The second tax on every rental sale

Depreciation Recapture, Explained

The deduction that quietly saved you money every year comes due all at once when you sell — unless you exchange.

The deal you made without noticing

Every year you own a rental, the tax code lets you deduct a slice of the building's value as depreciation — roughly the building's cost divided by 27.5 for residential property. It's a genuine yearly tax saving. But it comes with a string attached: each deduction lowers what you officially "have into" the property. When you sell, that lower number makes your taxable profit bigger, and the slice of profit attributable to depreciation is taxed at up to 25% instead of the friendlier capital gains rates.

Example You bought a rental for $400,000 and claimed $116,000 of depreciation over ten years.
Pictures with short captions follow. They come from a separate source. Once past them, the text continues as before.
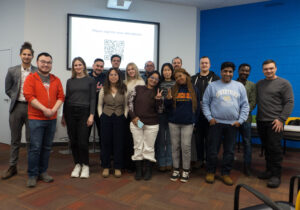 Group Photo of Volunteers Civic Tech Moncton volunteers taking a photograph together.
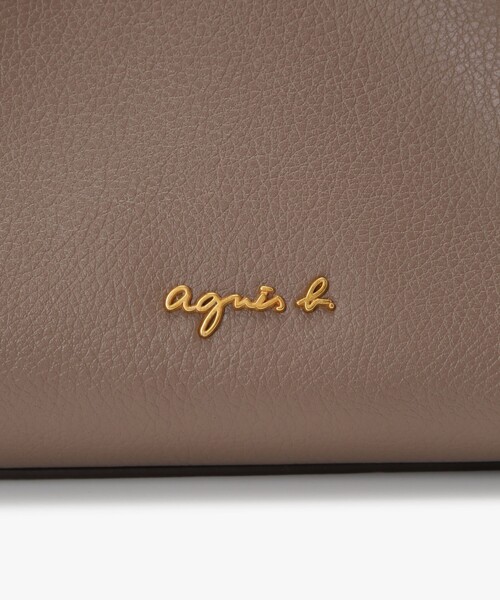 agnes b.（アニエスベー）の「レザー 2way スモール トートバッグ "Christelle" ABS01-02（トートバッグ・レディース・ブラウン系その他・FREE）」の6枚目の写真
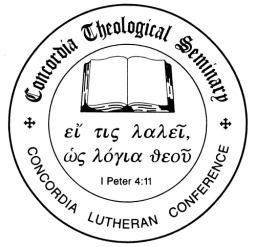 Concordia Theological Seminary Seal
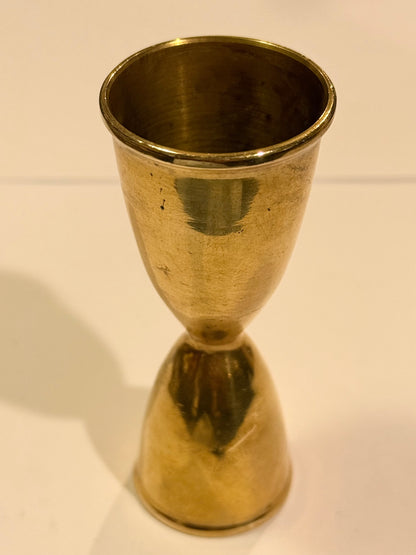 Antik dobbelt Jigger cocktail målebæger i bronze. Start 20.Årh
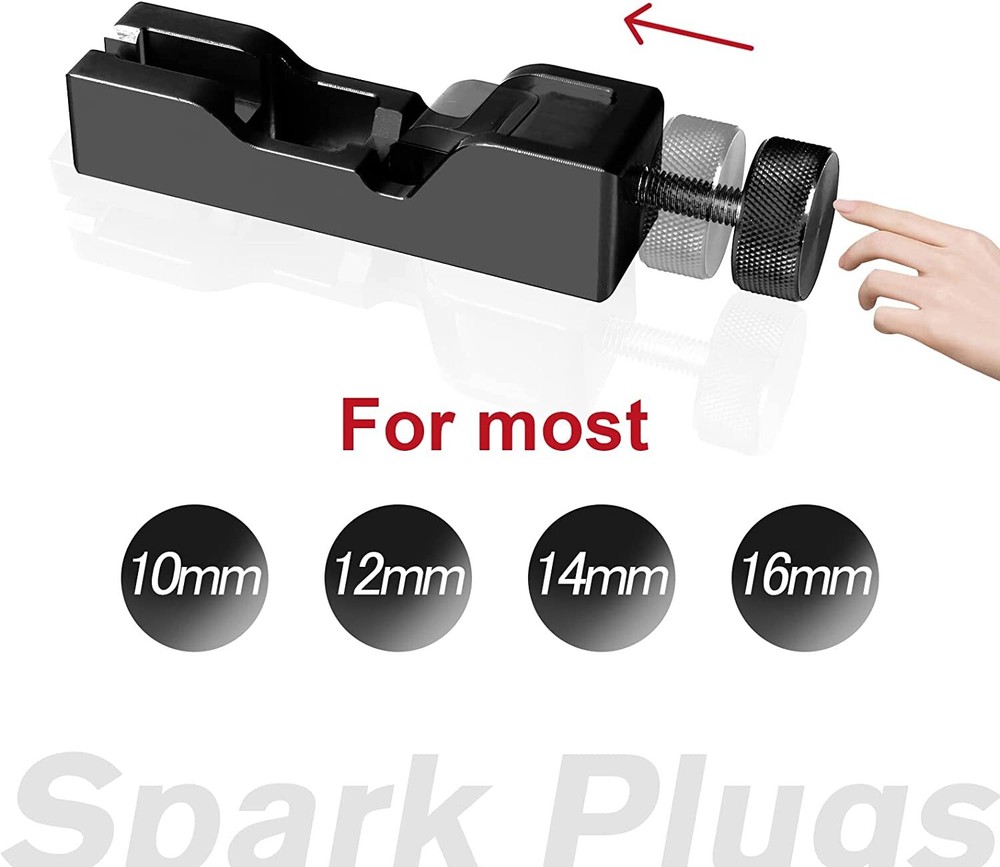 Universal Matte Engine Spark Plug Gap Tool Gapping Gapper - 10mm 12mm 14mm 16mm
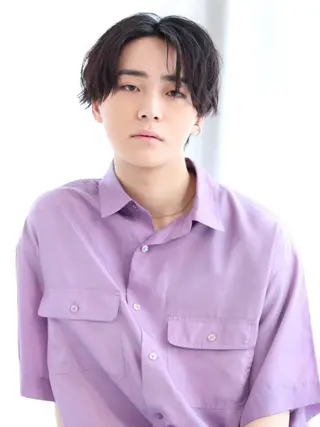 ヘアアレンジ メンズ 山本 優音のヘアスタイル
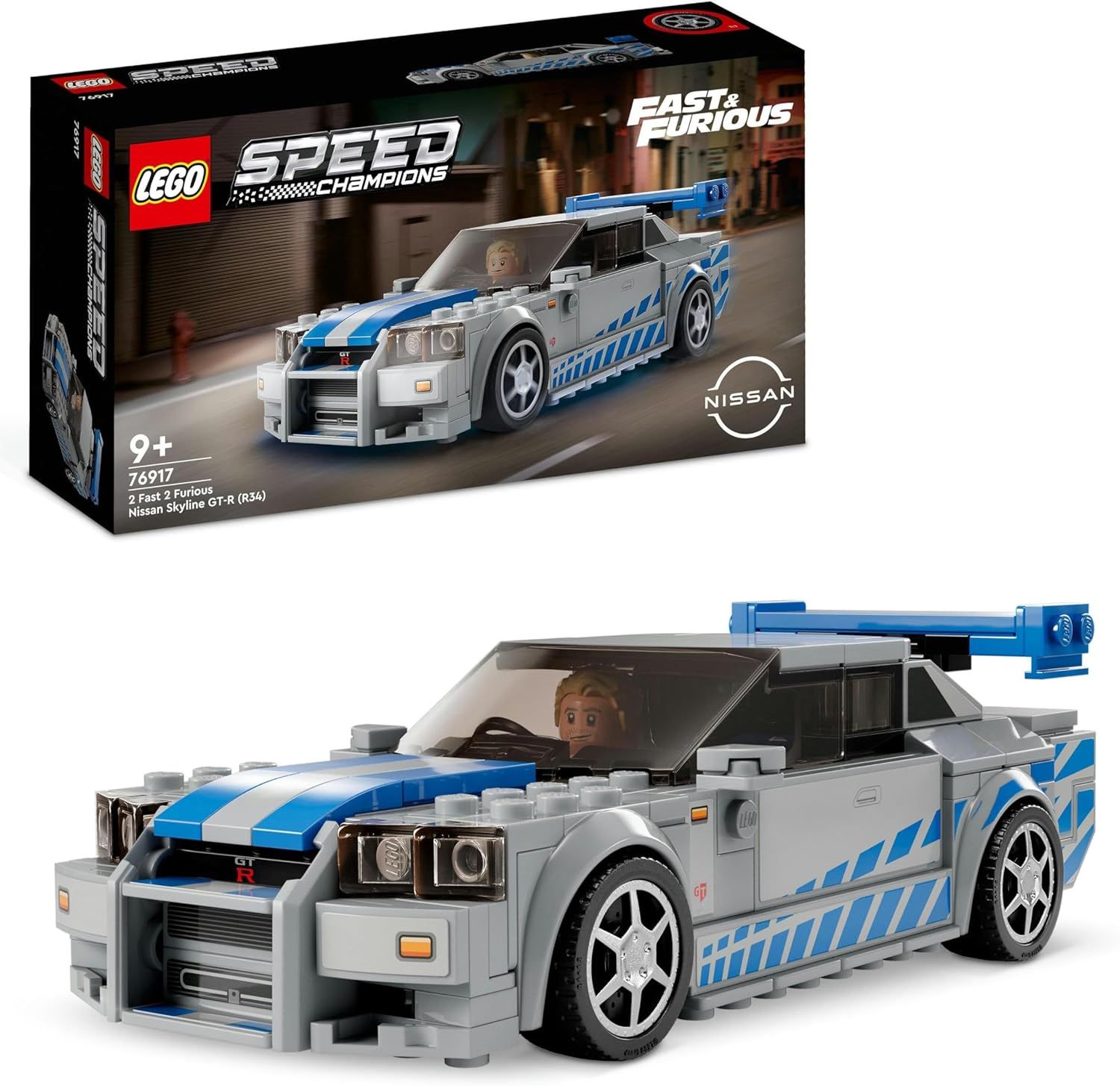 LEGO 76917 Speed Champions 2 Fast 2 Furious Nissan Skyline GT-R (R34)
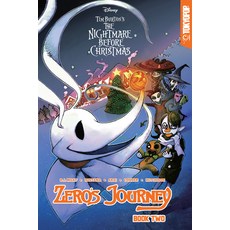 Disney Manga: Tim Burton's the Nightmare Before Christmas - Zero's Journey Graphic Novel Book 2 平裝版, TokyoPop, 英文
You sell for $600,000 net. Your taxable profit isn't $200,000 — it's $316,000, because the depreciation lowered your basis. The first $116,000 of that profit is taxed at up to 25% (about $29,000), and the remaining $200,000 gets capital gains rates.

"Allowed or allowable" — the trap for non-deducters

Recapture applies to depreciation that was allowed or allowable. Translation: if you were entitled to the deduction and never took it, the IRS taxes you at sale as if you had. Skipping depreciation gives you the worst of both worlds — no yearly savings, full recapture bill. (A tax professional can often recover missed depreciation with a Form 3115 filing before you sell.)

How a 1031 exchange handles it

When you exchange real estate for real estate, recapture defers right along with your capital gains — it rides into the new property inside your carryover basis. It only comes due if you take boot (recapture is taxed first, before any capital gains) or eventually sell without exchanging. For owners of long-held rentals, deferring recapture is often the single biggest dollar reason to exchange.

Estimate your recapture bill →From your purchase price, land share, and years owned — or your known total

Common Questions

What rate is depreciation recapture taxed at?

For real estate depreciated straight-line, the gain attributable to depreciation is taxed at your ordinary income rate, capped at 25%. If your bracket is below 25%, you pay your lower rate.

Does recapture apply if the property lost value?

Recapture only applies to the extent you have gain. If you sell below your depreciated basis, there is a loss and no recapture — though selling an appreciated market at a real loss is rare for long-held rentals.

Does a 1031 exchange defer recapture as well as capital gains?

Yes, in a real-estate-for-real-estate exchange both defer together. Recapture surfaces first, at up to 25%, on any boot you take.